The open-source MeeGo platform has been largely in limbo since Nokia's shock announcement in February that it was hitching up its smartphone operations to Windows Phone 7 instead.
But the wheels may be about to start moving again after it emerged today that LG has joined a working group aimed at developing a mobile handset version of the software.
MeeGo was formed through the merger of Nokia's existing Maemo platform and Intel's Moblin, but the project started to come under scrutiny over the length of time it seemed to be taking to get any actual consumer devices off the ground.
Ironically, Nokia's pullout came just days before the MeeGo-powered Nokia N9 was expected to be revealed at Mobile World Congress – a device we'll likely now never see.

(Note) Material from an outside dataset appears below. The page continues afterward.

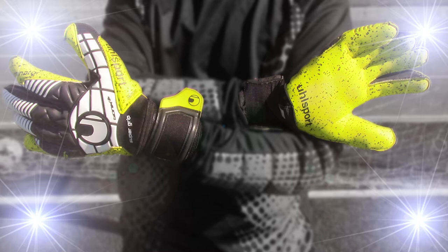That is all for this review of the Uhlsport Eliminator Supergrip Bionic Plus gloves. Thanks for watching this episode of GKExpo. If you liked the video, hit the like button and subscribe for more reviews in the near future. I'll see you all in the next episode.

LG joins the likes of ZTE and China Mobile on the MeeGo working group, and is clearly looking to fill the considerable void left by the Finnish phone firm's withdrawal.
Speaking at a developer conference earlier today, Valtteri Halla, a member of a MeeGo technical steering group who was previously involved in working on Maemo, said things were moving forward again: “it's opening opportunities for the others to come in. Discussions are taking place. You'll see things coming out this year, pretty soon.”
Despite having hitched its wagon to Microsoft's post, Nokia has confirmed that it still plans on releasing its first – and last – consumer device running MeeGo later this year, though details are still thin on the ground.